Peers, especially as children become pre-teen and teenaged, also influence a child’s money behavior. Comparisons with “who has what” begin as children and become more pronounced during the teen years. Some teens have jobs and have money to spend, others have an allowance or parents who put few limits on spending. By this age many teens have developed their own relationship to money and lean toward either spending or saving. By the end of high school there is a further crystallization of behavior and “money types” emerge.

There are seven descriptive money types that were developed by a pioneer financial therapist in the 1980s, Olivia Mellan. They are categories that capture the essence of a person’s behavior with money. Some people have qualities that are found in several types but everyone usually has a predominant type that endures and is active particularly in stressful times.

The Spender

Let’s start with The Spender. A Spender is someone who loves the experience of shopping and acquiring new and shiny things.

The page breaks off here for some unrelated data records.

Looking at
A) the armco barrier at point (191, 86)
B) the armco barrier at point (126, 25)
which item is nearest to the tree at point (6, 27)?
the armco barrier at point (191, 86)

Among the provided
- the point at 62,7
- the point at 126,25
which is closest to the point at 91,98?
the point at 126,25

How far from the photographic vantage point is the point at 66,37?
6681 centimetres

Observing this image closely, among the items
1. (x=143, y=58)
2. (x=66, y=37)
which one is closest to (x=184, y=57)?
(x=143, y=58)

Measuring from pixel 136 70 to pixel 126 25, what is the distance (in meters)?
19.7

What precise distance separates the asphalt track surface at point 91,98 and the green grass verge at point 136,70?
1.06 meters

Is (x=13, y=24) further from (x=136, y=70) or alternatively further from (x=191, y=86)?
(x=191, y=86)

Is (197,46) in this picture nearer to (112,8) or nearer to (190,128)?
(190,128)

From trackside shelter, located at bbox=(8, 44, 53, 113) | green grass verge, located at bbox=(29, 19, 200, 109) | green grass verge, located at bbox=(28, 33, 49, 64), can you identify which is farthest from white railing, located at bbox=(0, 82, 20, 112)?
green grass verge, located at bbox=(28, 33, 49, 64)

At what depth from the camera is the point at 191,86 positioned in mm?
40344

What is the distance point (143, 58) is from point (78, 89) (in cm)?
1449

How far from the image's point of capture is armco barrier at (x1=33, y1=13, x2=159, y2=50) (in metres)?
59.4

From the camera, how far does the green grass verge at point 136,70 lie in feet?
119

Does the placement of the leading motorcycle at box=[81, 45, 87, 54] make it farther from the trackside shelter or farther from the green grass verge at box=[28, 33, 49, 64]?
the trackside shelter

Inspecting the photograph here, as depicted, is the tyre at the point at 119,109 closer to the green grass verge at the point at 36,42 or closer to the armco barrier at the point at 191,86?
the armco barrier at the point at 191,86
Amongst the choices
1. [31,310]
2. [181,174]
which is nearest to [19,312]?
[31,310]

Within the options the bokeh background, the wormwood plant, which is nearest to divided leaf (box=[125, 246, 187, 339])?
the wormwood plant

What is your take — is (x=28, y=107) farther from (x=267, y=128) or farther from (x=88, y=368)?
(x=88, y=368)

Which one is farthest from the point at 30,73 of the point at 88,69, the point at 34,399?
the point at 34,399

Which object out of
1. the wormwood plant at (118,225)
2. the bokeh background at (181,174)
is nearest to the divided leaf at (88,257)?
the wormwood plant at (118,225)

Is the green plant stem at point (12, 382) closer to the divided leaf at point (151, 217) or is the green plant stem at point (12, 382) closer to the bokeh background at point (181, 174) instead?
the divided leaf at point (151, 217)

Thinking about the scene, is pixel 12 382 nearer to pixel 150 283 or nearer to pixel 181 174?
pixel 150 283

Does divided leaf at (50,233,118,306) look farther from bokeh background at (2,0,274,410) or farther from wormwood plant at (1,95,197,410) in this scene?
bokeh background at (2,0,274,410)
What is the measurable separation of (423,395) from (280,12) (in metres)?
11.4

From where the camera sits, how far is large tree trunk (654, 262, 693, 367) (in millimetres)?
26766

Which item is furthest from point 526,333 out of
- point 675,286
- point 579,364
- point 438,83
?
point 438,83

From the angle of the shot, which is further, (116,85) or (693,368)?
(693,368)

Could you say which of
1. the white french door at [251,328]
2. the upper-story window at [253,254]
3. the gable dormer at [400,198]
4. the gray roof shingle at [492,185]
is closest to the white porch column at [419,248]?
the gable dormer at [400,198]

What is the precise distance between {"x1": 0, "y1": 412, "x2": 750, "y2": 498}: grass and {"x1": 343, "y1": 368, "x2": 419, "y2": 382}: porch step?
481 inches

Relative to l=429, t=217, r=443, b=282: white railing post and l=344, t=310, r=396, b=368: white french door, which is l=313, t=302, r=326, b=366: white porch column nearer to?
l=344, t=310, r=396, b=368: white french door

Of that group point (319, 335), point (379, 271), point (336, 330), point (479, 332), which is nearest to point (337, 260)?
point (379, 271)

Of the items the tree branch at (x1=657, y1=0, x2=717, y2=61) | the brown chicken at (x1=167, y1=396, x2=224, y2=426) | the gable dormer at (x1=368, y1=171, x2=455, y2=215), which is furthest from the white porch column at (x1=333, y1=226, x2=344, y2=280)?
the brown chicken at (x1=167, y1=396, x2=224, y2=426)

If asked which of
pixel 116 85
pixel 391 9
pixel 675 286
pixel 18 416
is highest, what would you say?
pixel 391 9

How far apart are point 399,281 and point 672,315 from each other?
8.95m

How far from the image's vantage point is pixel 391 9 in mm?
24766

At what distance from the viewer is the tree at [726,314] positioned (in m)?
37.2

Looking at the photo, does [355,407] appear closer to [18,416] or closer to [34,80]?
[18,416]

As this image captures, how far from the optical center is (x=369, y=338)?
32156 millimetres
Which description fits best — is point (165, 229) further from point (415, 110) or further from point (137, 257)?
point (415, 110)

The immediate gratification, the affirmation they feel from sales clerks, and the excitement of getting something they value all combine to make shopping a “must do” activity. The only problem comes at the end of the month when they get the credit card bill and find they have gone overboard.

The Hoarder

At the opposite end of the spectrum is The Hoarder. Hoarders are afraid to “let go” of their money, want to keep it under their mattress and live in fear of becoming penniless. The only thing that makes them feel safe is to save and not spend.

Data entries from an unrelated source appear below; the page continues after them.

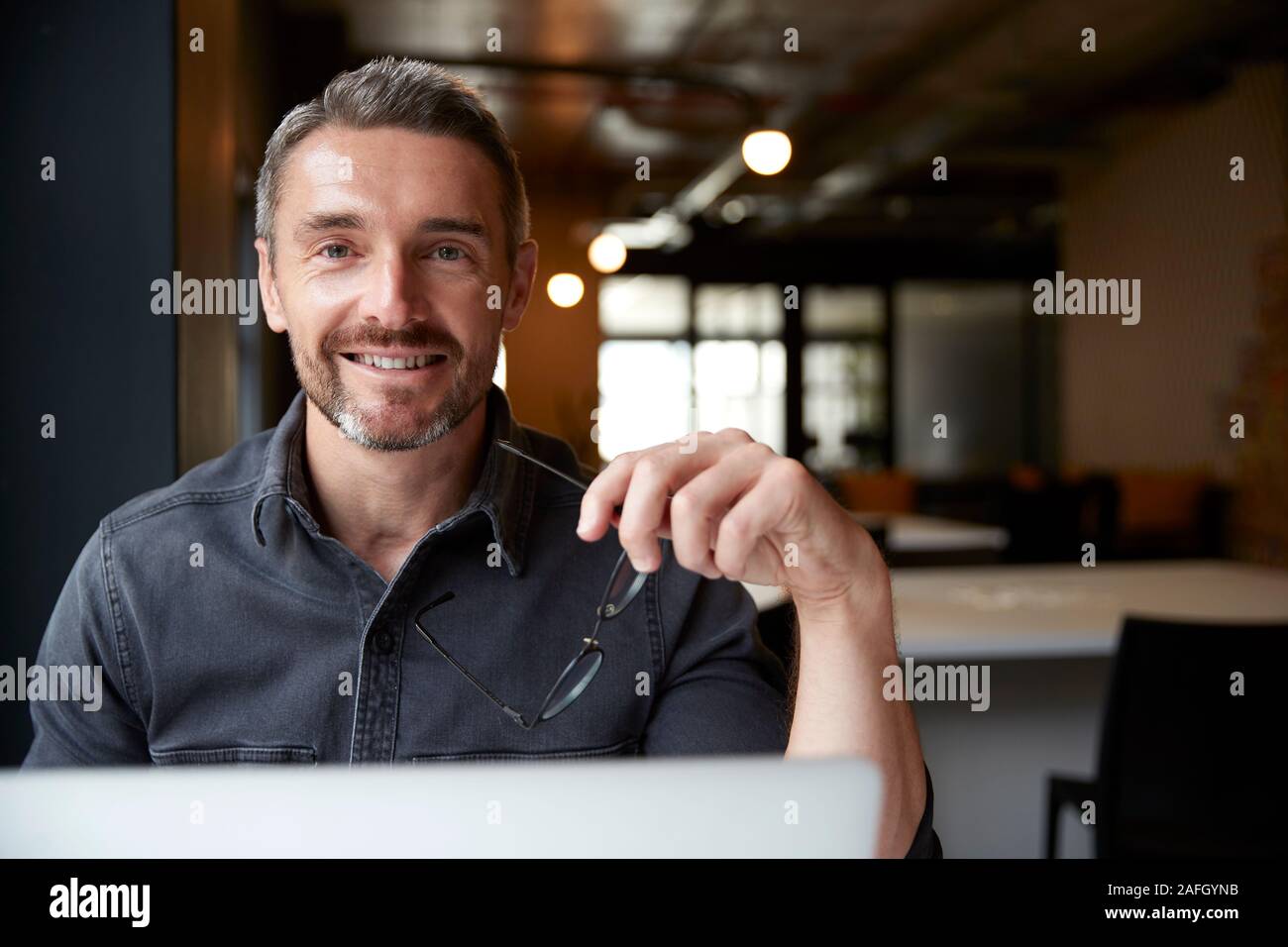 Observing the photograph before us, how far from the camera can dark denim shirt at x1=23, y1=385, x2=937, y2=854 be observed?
3.35 ft

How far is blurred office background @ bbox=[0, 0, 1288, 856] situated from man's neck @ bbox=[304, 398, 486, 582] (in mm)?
74

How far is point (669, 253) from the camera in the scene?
10.7m

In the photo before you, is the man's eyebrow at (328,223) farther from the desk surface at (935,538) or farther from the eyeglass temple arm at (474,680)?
the desk surface at (935,538)

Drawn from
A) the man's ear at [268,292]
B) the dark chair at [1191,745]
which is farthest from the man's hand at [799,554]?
the dark chair at [1191,745]

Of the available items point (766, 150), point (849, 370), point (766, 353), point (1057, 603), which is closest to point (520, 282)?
point (1057, 603)

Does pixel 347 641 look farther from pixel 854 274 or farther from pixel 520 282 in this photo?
pixel 854 274

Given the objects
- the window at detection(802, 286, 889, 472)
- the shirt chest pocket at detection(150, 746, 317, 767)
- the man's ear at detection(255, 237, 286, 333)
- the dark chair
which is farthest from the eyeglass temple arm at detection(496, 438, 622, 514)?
the window at detection(802, 286, 889, 472)

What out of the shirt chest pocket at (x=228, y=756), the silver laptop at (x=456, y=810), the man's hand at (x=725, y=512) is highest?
the man's hand at (x=725, y=512)

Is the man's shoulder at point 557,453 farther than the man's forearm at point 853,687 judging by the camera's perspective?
Yes

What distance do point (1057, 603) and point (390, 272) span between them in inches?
92.5

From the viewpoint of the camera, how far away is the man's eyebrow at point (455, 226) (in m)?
0.89

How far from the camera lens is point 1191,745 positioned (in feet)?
7.09

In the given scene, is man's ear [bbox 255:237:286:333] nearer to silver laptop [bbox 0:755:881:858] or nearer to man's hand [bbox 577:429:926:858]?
man's hand [bbox 577:429:926:858]

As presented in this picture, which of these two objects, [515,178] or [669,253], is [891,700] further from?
[669,253] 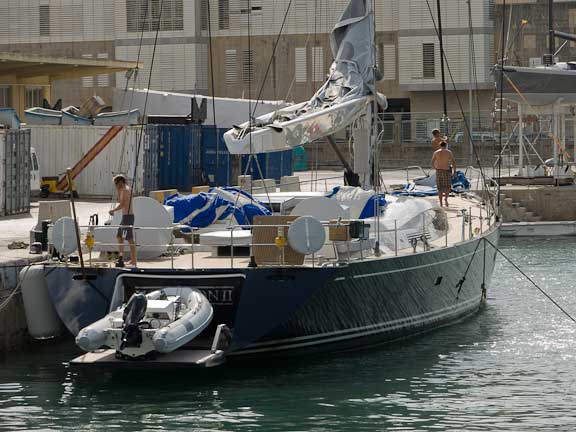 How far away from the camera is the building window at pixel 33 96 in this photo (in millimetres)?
46969

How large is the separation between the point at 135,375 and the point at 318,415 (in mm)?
2957

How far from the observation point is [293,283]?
1638 centimetres

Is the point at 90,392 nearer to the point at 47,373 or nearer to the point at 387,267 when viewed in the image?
the point at 47,373

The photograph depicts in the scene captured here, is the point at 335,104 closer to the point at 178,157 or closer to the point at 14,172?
the point at 14,172

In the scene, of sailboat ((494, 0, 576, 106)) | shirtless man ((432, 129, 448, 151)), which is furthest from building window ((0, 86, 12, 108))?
shirtless man ((432, 129, 448, 151))

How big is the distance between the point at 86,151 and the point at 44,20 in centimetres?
3471

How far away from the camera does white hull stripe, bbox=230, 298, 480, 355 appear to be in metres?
16.8

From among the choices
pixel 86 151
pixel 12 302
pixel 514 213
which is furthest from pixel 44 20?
pixel 12 302

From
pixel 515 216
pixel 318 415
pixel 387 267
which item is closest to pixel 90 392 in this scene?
pixel 318 415

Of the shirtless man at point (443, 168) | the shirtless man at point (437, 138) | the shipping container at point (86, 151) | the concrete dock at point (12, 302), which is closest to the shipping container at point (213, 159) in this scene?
the shipping container at point (86, 151)

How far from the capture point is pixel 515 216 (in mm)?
37469

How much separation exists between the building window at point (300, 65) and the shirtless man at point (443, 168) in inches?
1579

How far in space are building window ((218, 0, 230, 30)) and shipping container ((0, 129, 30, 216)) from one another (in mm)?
36796

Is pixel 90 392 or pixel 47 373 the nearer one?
pixel 90 392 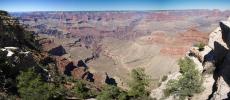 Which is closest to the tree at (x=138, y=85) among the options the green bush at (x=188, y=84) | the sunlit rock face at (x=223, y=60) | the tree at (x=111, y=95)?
the tree at (x=111, y=95)

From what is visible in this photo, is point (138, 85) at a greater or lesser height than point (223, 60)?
lesser

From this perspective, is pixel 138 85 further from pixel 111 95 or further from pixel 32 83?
pixel 32 83

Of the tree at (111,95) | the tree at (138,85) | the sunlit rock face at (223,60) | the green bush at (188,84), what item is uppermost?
the sunlit rock face at (223,60)

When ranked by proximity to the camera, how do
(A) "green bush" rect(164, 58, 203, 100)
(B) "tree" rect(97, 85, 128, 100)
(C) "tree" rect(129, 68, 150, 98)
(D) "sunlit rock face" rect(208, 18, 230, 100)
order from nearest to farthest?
1. (D) "sunlit rock face" rect(208, 18, 230, 100)
2. (A) "green bush" rect(164, 58, 203, 100)
3. (B) "tree" rect(97, 85, 128, 100)
4. (C) "tree" rect(129, 68, 150, 98)

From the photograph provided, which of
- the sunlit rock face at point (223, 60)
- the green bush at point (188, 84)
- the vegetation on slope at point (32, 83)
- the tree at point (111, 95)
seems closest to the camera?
the sunlit rock face at point (223, 60)

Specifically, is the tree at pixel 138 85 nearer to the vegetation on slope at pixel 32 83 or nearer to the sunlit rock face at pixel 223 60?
the vegetation on slope at pixel 32 83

Hoarders can be their own worst enemy. In their desperate need to feel safe they can be so tight fisted that they can’t enjoy what they have and fall behind with investing because they are scared to invest in anything but guaranteed CDs.

The High Roller

Then there is the High Roller. High Rollers love the excitement of a high risk deal and the possibility of a “big win.” Burdened with the Gambler’s Fallacy they don’t keep track of their losses and exaggerate their wins.

They love the fanfare and accolades that are due them when they do succeed and are not shy about sharing the good ne

The Money Monk

Opposite the High Roller is the Money Monk. Money Monks have the attitude that money is “dirty lucre.” They know they need it but want to stay as far away as possible from dealing directly with it, as if they will be morally tainted if they appreciate it or enjoy it.

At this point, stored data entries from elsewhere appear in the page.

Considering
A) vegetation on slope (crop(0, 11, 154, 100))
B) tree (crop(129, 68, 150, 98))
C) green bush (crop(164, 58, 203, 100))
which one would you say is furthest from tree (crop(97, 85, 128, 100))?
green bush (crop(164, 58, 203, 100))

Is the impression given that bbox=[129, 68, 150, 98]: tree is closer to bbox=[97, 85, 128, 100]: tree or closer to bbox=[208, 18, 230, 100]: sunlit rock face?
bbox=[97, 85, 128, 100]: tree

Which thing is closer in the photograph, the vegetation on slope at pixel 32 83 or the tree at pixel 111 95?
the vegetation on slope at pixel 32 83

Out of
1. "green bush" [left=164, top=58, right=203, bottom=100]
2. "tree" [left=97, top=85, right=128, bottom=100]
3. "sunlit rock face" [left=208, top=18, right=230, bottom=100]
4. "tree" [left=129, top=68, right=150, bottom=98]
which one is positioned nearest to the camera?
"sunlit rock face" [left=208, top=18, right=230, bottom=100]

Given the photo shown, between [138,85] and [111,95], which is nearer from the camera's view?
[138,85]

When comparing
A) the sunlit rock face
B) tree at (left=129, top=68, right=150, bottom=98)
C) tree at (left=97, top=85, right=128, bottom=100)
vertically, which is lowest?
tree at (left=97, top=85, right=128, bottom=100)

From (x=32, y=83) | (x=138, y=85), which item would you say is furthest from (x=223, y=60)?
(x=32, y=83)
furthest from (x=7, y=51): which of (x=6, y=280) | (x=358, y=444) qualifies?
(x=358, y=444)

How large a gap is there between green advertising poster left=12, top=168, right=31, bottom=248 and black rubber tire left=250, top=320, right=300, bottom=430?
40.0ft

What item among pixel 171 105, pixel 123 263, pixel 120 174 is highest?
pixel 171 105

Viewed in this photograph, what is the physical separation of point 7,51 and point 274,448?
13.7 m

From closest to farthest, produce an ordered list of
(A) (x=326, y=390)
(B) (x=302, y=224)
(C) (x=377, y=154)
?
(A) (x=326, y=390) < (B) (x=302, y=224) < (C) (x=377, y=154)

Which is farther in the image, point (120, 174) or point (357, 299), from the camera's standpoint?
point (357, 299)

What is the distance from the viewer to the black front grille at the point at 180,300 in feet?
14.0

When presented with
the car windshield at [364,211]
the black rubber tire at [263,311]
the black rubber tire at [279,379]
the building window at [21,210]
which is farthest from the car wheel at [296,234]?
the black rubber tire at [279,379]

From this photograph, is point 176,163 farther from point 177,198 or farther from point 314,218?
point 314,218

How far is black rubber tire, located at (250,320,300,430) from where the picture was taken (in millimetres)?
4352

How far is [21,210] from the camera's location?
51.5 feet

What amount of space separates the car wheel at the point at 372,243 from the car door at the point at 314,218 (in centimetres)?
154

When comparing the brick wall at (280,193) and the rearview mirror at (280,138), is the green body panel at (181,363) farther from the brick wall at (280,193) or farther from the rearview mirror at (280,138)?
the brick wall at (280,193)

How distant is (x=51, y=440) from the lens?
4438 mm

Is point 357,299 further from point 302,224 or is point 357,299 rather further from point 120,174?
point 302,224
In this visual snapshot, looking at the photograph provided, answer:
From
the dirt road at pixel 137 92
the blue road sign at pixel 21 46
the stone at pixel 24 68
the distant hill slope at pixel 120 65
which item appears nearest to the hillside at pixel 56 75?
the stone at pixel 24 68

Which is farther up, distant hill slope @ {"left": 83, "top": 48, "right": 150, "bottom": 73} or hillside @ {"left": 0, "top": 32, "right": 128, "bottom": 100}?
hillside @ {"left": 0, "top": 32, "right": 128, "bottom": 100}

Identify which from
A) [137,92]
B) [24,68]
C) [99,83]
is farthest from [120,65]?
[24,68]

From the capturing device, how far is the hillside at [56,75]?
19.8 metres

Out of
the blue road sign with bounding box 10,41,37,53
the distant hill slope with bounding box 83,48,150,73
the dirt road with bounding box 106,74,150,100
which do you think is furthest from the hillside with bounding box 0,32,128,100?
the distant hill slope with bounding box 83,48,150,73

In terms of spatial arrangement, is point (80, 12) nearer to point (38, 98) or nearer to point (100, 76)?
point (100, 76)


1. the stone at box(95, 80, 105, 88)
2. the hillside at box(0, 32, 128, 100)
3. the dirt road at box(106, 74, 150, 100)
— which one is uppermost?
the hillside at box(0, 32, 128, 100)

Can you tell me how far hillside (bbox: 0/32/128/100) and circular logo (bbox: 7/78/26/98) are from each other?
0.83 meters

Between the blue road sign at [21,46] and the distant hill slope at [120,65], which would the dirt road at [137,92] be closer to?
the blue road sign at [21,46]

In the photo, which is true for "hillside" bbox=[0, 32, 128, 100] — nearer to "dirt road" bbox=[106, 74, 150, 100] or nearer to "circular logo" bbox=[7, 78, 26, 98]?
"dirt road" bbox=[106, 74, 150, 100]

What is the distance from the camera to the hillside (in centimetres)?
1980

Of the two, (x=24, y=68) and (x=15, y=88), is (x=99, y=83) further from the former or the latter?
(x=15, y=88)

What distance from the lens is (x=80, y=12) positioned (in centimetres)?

They are happy when someone takes care of their finances and just gives them occasional updates.

The Amasser

Next is The Amasser. Financial advisors love Amassers because their main motivation with money is to have it grow.

Rather than enjoy immediate spending they would rather delay gratification and watch their portfolios grow over time, put their money into businesses and watch them grow or into their children’s education and watch them put it to good use.

The Avoider

Finally there is The Avoider. Avoiders are made so anxious at the thought of money they will do anything to avoid thinking about it: avoid looking at their bank statements, avoid conversations about it or dreaming about it.

Of course the longer they avoid the worse their situation can become. Denial of money’s importance and existence can become so extreme that taking some kind of action is preferable to further avoidance.

Clearly, some types are better to be than others. The truth is that there are advantages and disadvantages to each type and elements to envy and elements to disdain in each type.

The Money Master

The one final both type AND goal is The Money Master. Money Masters are balanced, can enjoy the money they have and don’t despair over the money they don’t have. They save for the future and spend in the present.

When they retire they have plenty to live to a ripe old age because they have strategized and planned well and trusted trustworthy advisors to help them with financial decisions. Money Masters convey a strong sense of pride in what they have accomplished for themselves AND they are usually in their 60s and beyond.

So be encouraged that as you identify and become aware of your money type you can “borrow” other behaviors that seem effective and productive from other types and send yourself on the adventure of becoming a Money Master!